Ok. 2. Make user_intr_t represent a specific interrupt line, so that notifications queue on each line. 3. Make struct irqdev store a vector user_intr_t, indexed by interrupt line.
? But then we can't have several userland translators using the same irq? That'll break.
Each user_intr_t has a queue of notifications. Originally, each notification was queued up on the linux side. In this patch we just move them back to the mach side and sort them by interrupt line (i.e., attach to user_intr_t). I am not sure why it would break.
To be honest, I don't know. Because your patch changes so many thing that I can't even take the time to try to track what is being changed how. What I can see easily, however, is: +typedef struct { + queue_head_t notification_queue; + unsigned interrupts; /* Number of interrupts occurred since last run of intr_thread */ + unsigned n_unacked; /* Number of times irqs were disabled for this */ + decl_simple_lock_data(, lock); /* a lock to protect the queues */ } user_intr_t; So the port is gone indeed, so it tends to say that now it's per intr instead of per-user. But then why calling it user_intr_t? Changing the role of an existing structure is really not the way for changes to be reviewable.
user_intr_t to me means a user interrupt. A notification port that is registered represents a notification. Multiple notifications may queue on a single irq. Now, in that struct there is n_unacked. But how can this be per-irq? As I mentioned elsewhere and it is kept here, it's the number of times irq where disabled for this. But that's for a given *user*, not for a given irq. If it's not per-user, when a user dies you don't know how many times you need to call __enable_irq.
Ok, I can see that in my patch n_unacked duplicates the counter used by __enable_irq. I was distracted by using a counter at all in the original code, because an irq cannot be fired more than once before it is acked. What we really need is a boolean_t type per notification,
IN fact, I was pondering on the idea that each irq* device should be opened exclusively,
Then things won't work. Shared IRQ is a thing you can't circumvent with the hardware that people have atm.

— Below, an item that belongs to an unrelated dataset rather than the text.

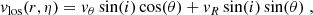 $$ \begin{aligned} v_{\rm los} (r, \eta ) = v_\theta \sin (i) \cos (\theta ) + v_R \sin (i) \sin (\theta ) \;, \end{aligned} $$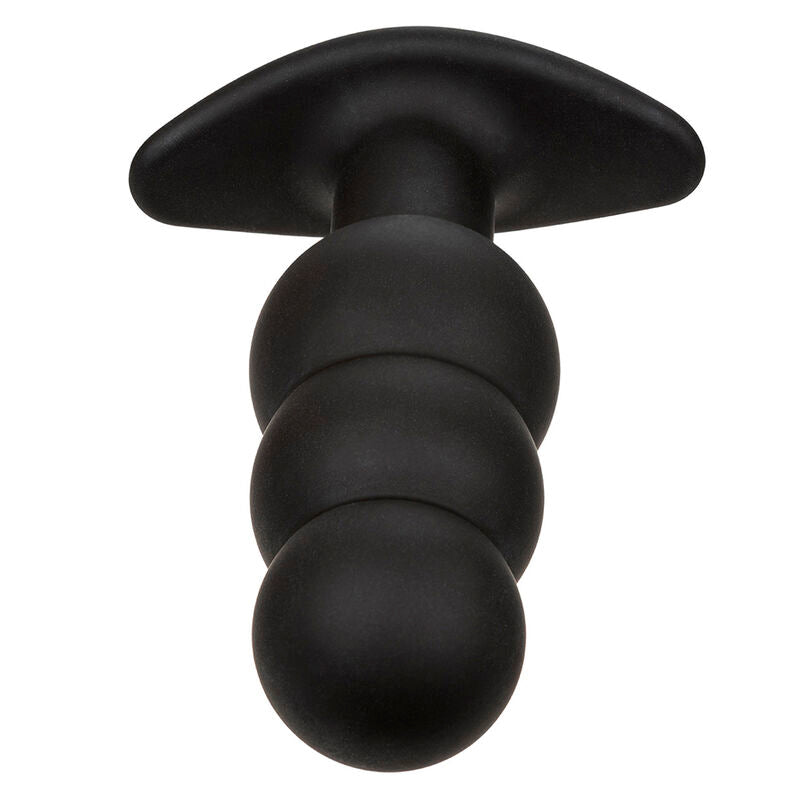 CALEXOTICS - ROCK BOTTOM PLUG ANALE CON PERLINE 10 VIBRAZIONI SILICONE NERO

You may have missed the part where I say let user side [/dev/irq*] translator do the multiplexing. And when MSI/MSI-X is introduced, irq sharing will not be needed. I am afraid that an interrupt going through two indirect calls would be too time costly to hurt driver performance.
Interrupts *are* inherently costly. A couple software layers are really not much compared to that. Drivers are already used to have to gather notifications so as to spare interrupts.
ok. 4. The n_unacked counter only increases when successfully delivered an interrupt.
? It is meant to know how many times __disable_irq was called, and thus how many times we should call __enable_irq if the port dies.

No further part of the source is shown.